Byzantine Fault Tolerance describes a mathematical property, not a specific piece of software: a network has it if honest participants can still agree on the correct state of the system even when some nodes crash, go offline, or actively send conflicting or false information to different peers. The name comes from the Byzantine Generals Problem, a thought experiment about coordinating an attack when some generals might be traitors feeding contradictory orders to different parts of the army.

In practice, most BFT designs share a hard limit: consensus stays safe as long as fewer than one-third of participating nodes are faulty or dishonest, a bound proven by Castro and Liskov's Practical Byzantine Fault Tolerance (pBFT) algorithm in 1999. pBFT works by having a rotating leader propose a block and every replica exchange multiple rounds of signed messages until a supermajority agrees, giving instant finality but requiring heavy node-to-node communication that limits scale.

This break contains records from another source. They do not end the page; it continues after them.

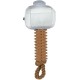 CERDÁ LIFE'S LITTLE MOMENTS - for Fan Pets Spiderman Dog Toy, Cuddly Toy for Dogs with Rope - Official Marvel Licence, 1 Piece (Pack of 1) CERDÁ LIFE'S LITTLE MOMENTS - for Fan Pets Spiderman Dog Toy, Cuddly Toy for Dogs with Rope - Official Marvel Licence, 1 Piece (Pack of 1)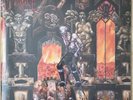 CANNIBAL CORPSE Live Cannibalism 2-LP Vinyl, Death, Deicide, Bolt Thrower, Grave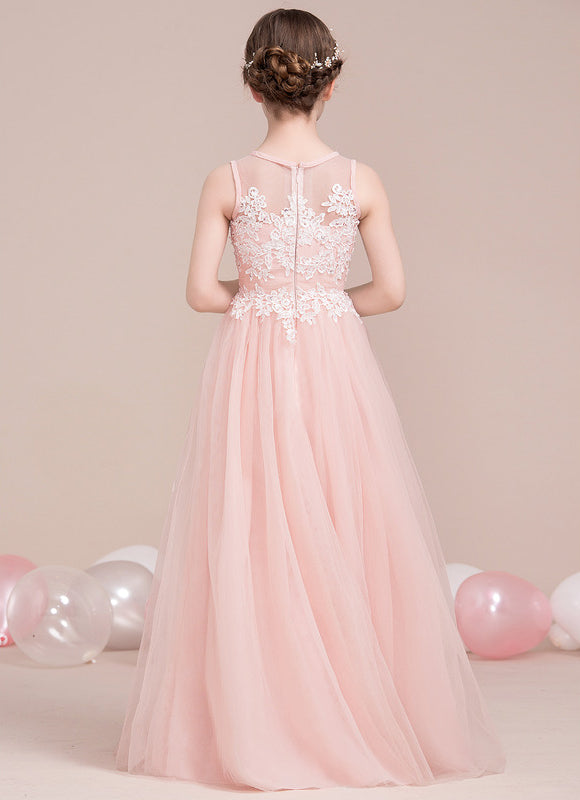 Robe Pastel Enfant - gallery 3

Blockchains adopted BFT thinking to solve the same trust problem among mutually suspicious strangers rather than known servers in a data center. Tendermint, the consensus engine behind the Cosmos ecosystem, streamlines pBFT into propose, prevote, and precommit rounds among validators, finalizing blocks once two-thirds of voting power signs off. Hyperledger Fabric uses a pBFT-style ordering service for permissioned enterprise chains, and Ethereum's Casper FFG finality gadget borrows BFT-derived safety guarantees to checkpoint blocks on the beacon chain.

The trade-off is scalability versus security: BFT systems tolerate malicious actors well but need more message overhead as validator sets grow, which is why many chains cap active validator counts or combine BFT rounds with other mechanisms to balance speed, decentralization, and safety.